Matt Warren

How to Maintain Momentum

The main lesson from a handful of recent books that I have read has been focus on fewer, more important things if you really want to make progress.  Less but better.  And that the best way to maintain the momentum on the projects you do want to take on is to make small steps and celebrate the progress, rather than reaching the end goal.

Studies have shown that the best way to create engagement in your work is to either experience achievement or recognition of achievement regularly.  This is something you have probably experienced personally.  The best projects are the ones that you can feel like you finished something at the end of every day.  Massive all or nothing projects that drag on each day where you work hard but it’s difficult to see the progress can wear you down very quickly.

With this in mind, it is important to structure your projects such that there are always pieces where people can feel personal accomplishment or otherwise provide some external recognition of something that cannot easily be sub-divided in to small tasks.

This works at various different scales too.  Entrepreneurs talk about Minimum Viable Products and “Done not perfect” to describe that initial ship-able product that can be celebrated as a turning point in the business.  At the day-to-day scale the accomplishments might be to implement a button on an app, or finalize financing terms for a business loan, or write a chapter for a book.  When you start off the day knowing the small task that provides a small step towards your end goal, then at the end of the day you can feel that sense of accomplishment when you complete it.
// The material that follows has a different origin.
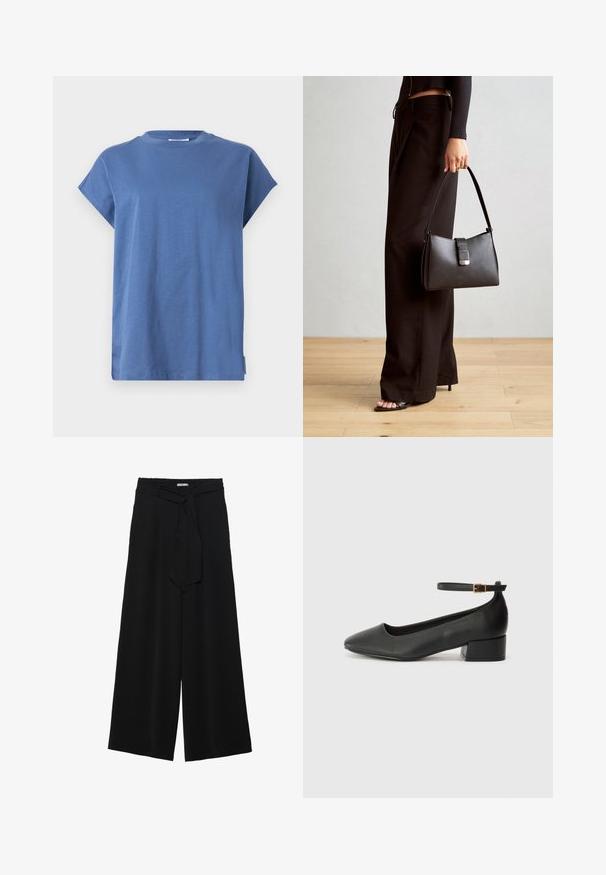 Sininen t-paita, joka on valmistettu pehmeästä kankaasta. Paita on varustettu pyöreällä kaula-aukolla ja lyhyillä käärityillä hihoilla. Suunnittelu on yksinkertainen, suora leikkaus ja sivuhalkio.; Mustat leveät housut, joissa on teksturoitu kangas, joustava vyötärö ja irrotettava nauha vyötäröllä säädettävää istuvuutta varten.; Mustat nahkakengät, joissa on terävä kärki ja matala lohkare korko. Varustettu nilkkahihnalla, jossa on kultasävyinen solki. Lisää sileä pinta.; Musta käsilaukku, jossa on rakenteellinen muoto, sileä pinta ja metallinen solki. Yhdistetty leveisiin mustiin housuihin ja avonaiheisiin sandaaleihin puulattialla.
These small daily accomplishments are THE major factor in maintaining momentum.

Work each day without the sense of accomplishment is like crossing a bog – slow, tedious and dreadful.

With the sense of accomplishment it’s like driving a car on smooth paved roads – even if you take your foot off the gas you’ll keep going forward.

How do you make this concrete and apply it to YOUR goals?

There are two steps/skills required to control and build your momentum.

  1. Focus
  2. Planning

Focus is about very specifically knowing what your goal is and using that goal as part of all your decisions.  Develop your goal by taking time to really think about it, make it something measurable, attainable, and time boxed if possible: “lose 10 lbs by summer vacation”, “reach $1M in revenue this year”, “sign up 1000 new clients this month”.  With this goal in hand filter all decisions through it.  “Will X help me accomplish Y faster?” If the answer is No, then put it aside, decline the offer, and continue to use your time on things that will get you to your goal.

Planning is about taking the time to really think about how you can accomplish your goal.  Figure out how to divide a big goal into smaller daily or weekly goals – something that is actionable. $1M per year in revenue is more difficult to understand than a $4000 per day sales goal.  Then put systems in place to measure and accomplish those smaller goals. Up front planning is important but it is also critical to re-evaluate and adjust the systems as progress is made and you learn or experience roadblocks.

With a good plan and the ability to maintain focus on your goal you stand the best chance of having the daily accomplishments needed to create momentum.  Slowly but surely these accomplishments compound until massive progress is done, goals are met and success is had.